** ACTION ITEM **
Make an exact copy of the listing below. Pictures stay out of it.
╔══
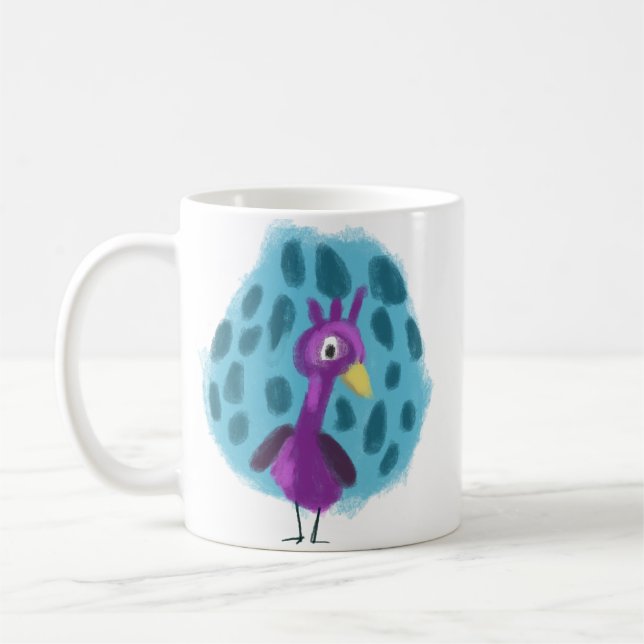 Taza de café con patrón de hoja abstracta de pavo  (Izquierda)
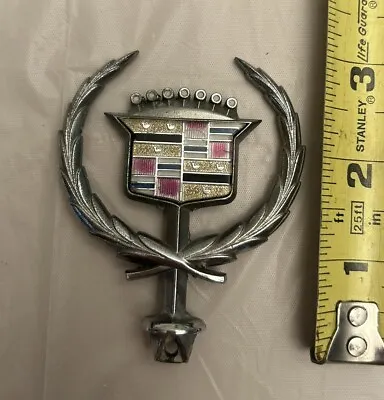 Vintage Cadillac Hood Ornament Emblem Crest Topper Wreath • $18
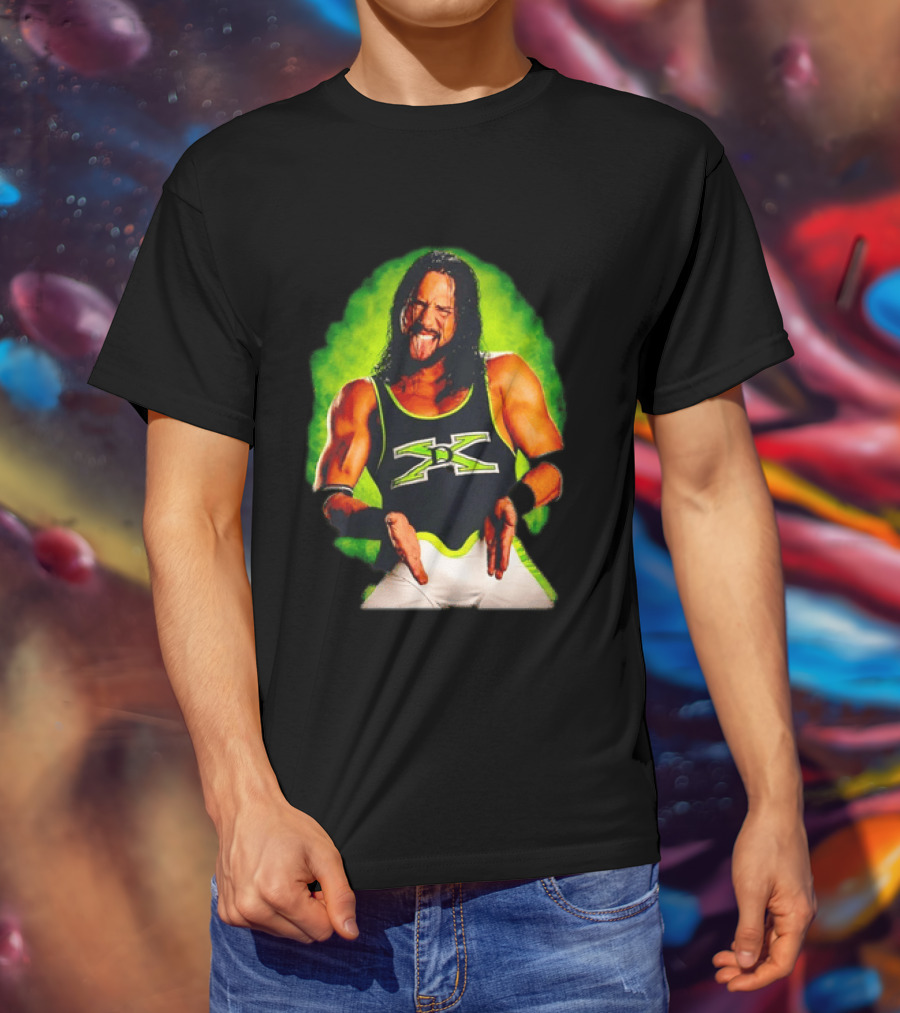 DX Seth Rollins Men's Wrestling Iconic Attitude Era Shawn X Pac D Generation X Green T-Shirt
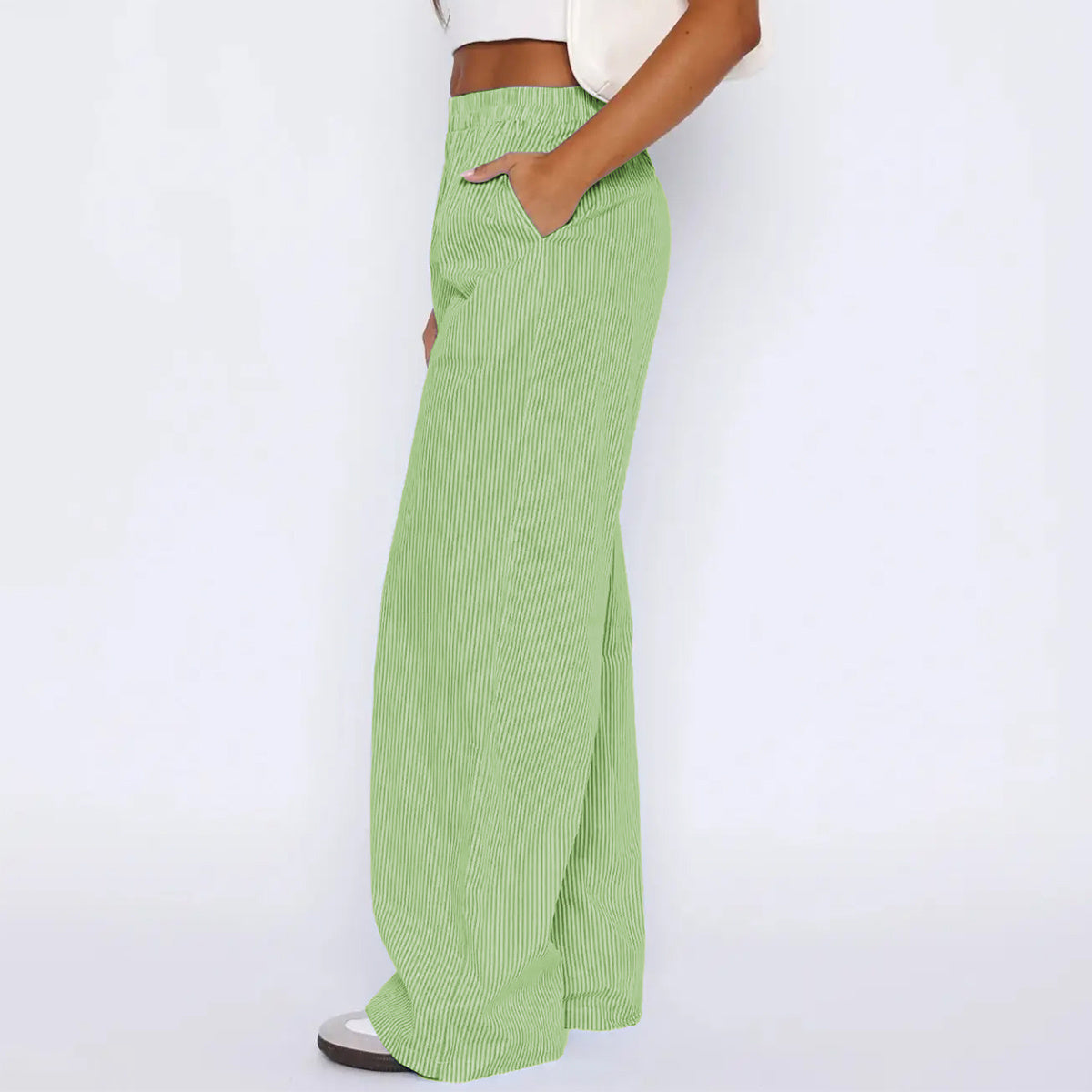 Pantalones a rayas con bolsillos, pantalones casuales de pierna ancha y rectos para mujer.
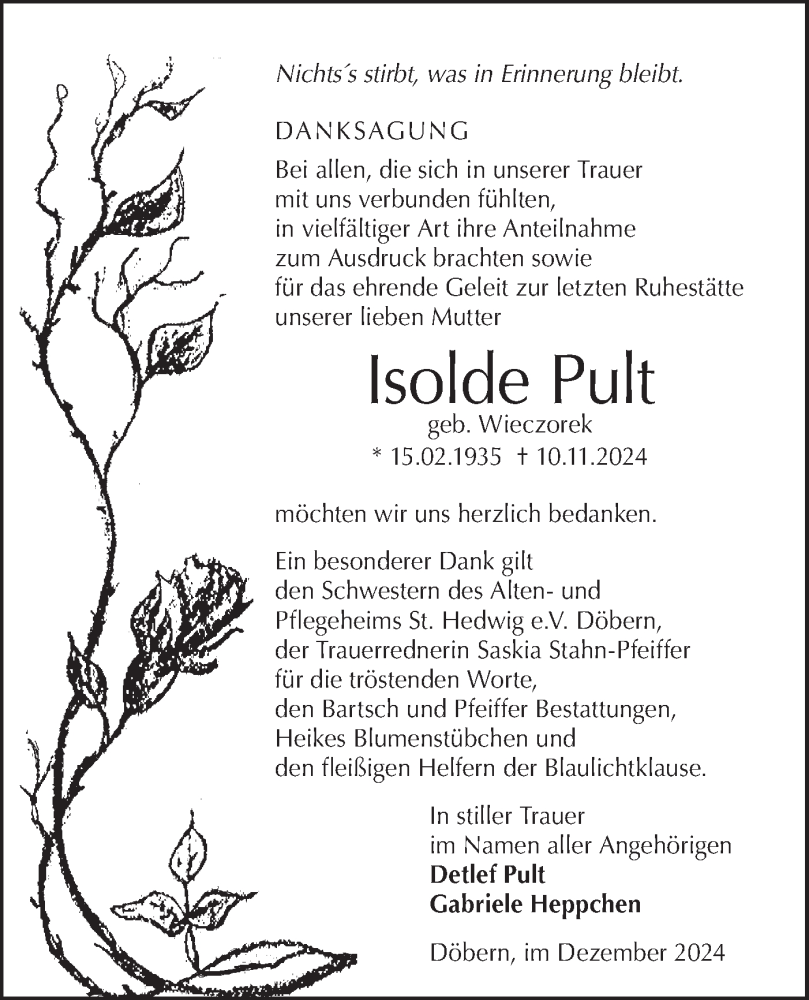  Traueranzeige für Isolde Pult vom 21.12.2024 aus Lausitzer Rundschau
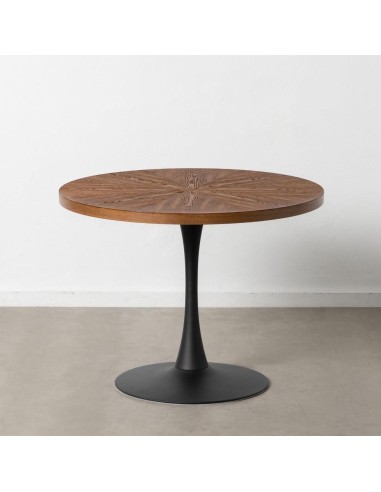 Mesa redonda TULY 100, base metal negro, tapa DM.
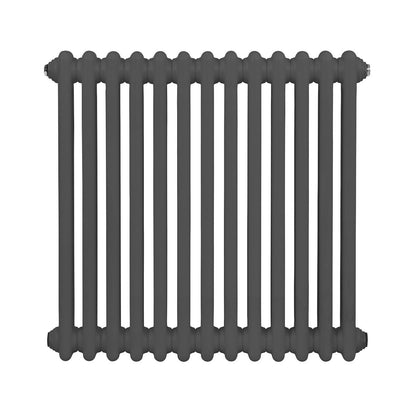 Baridi DH357 Horizontal Traditional 2 Column Radiator 600 x 607mm - Anthracite | Steel | Horizontal traditional two column radiator delivers a BTU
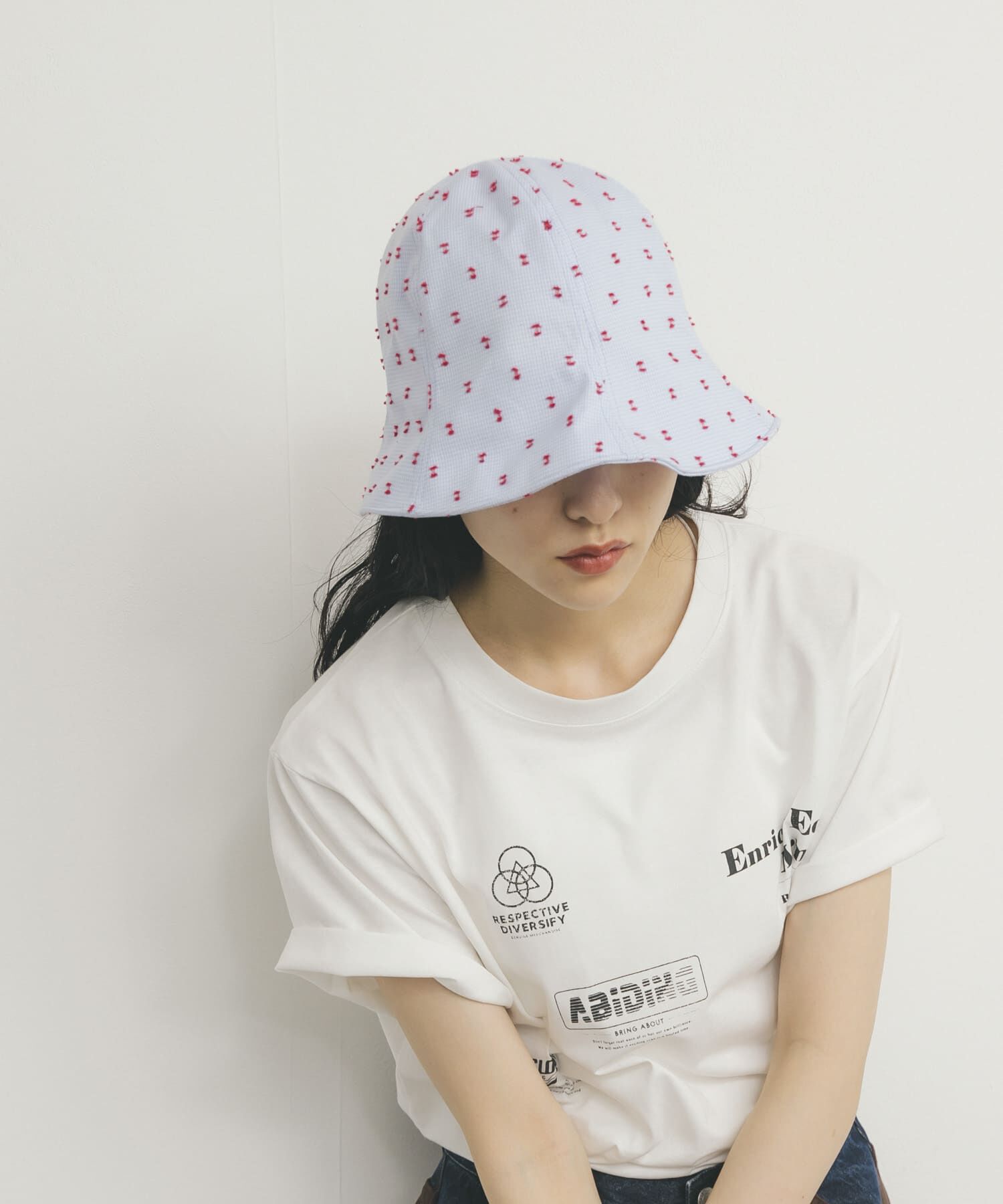  「刺繍チェックチューリップHAT」|ハット|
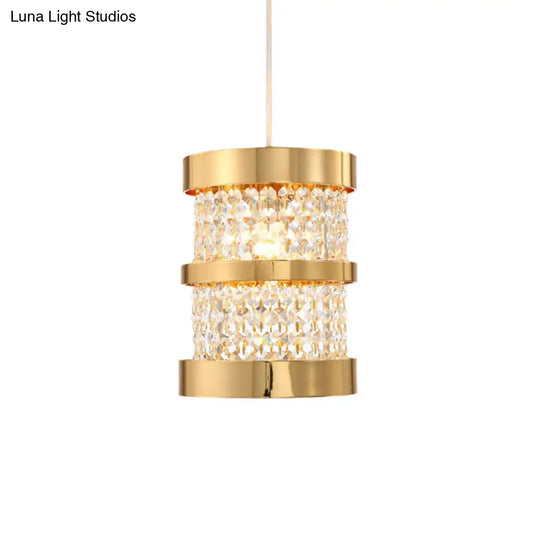 Modern Black/Gold Cylinder Pendant Light With Clear Crystal Beaded Strand - Stylish Metal 1-Bulb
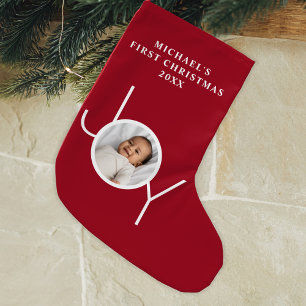 Baby's erstes Weihnachtsfoto Rot Kleiner Weihnachtsstrumpf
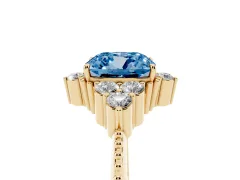 Fancy Blue Cushion Cut Diamond Cluster Ring Set in Yellow gold with Beaded Band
╚══
** WRITTEN RESPONSE **
 Taza de café con patrón de hoja abstracta de pavo  (Izquierda)
 Vintage Cadillac Hood Ornament Emblem Crest Topper Wreath • $18
 DX Seth Rollins Men's Wrestling Iconic Attitude Era Shawn X Pac D Generation X Green T-Shirt
 Pantalones a rayas con bolsillos, pantalones casuales de pierna ancha y rectos para mujer.
  Traueranzeige für Isolde Pult vom 21.12.2024 aus Lausitzer Rundschau
 Mesa redonda TULY 100, base metal negro, tapa DM.
 Baridi DH357 Horizontal Traditional 2 Column Radiator 600 x 607mm - Anthracite | Steel | Horizontal traditional two column radiator delivers a BTU
  「刺繍チェックチューリップHAT」|ハット|
 Modern Black/Gold Cylinder Pendant Light With Clear Crystal Beaded Strand - Stylish Metal 1-Bulb
 Baby's erstes Weihnachtsfoto Rot Kleiner Weihnachtsstrumpf
 Fancy Blue Cushion Cut Diamond Cluster Ring Set in Yellow gold with Beaded Band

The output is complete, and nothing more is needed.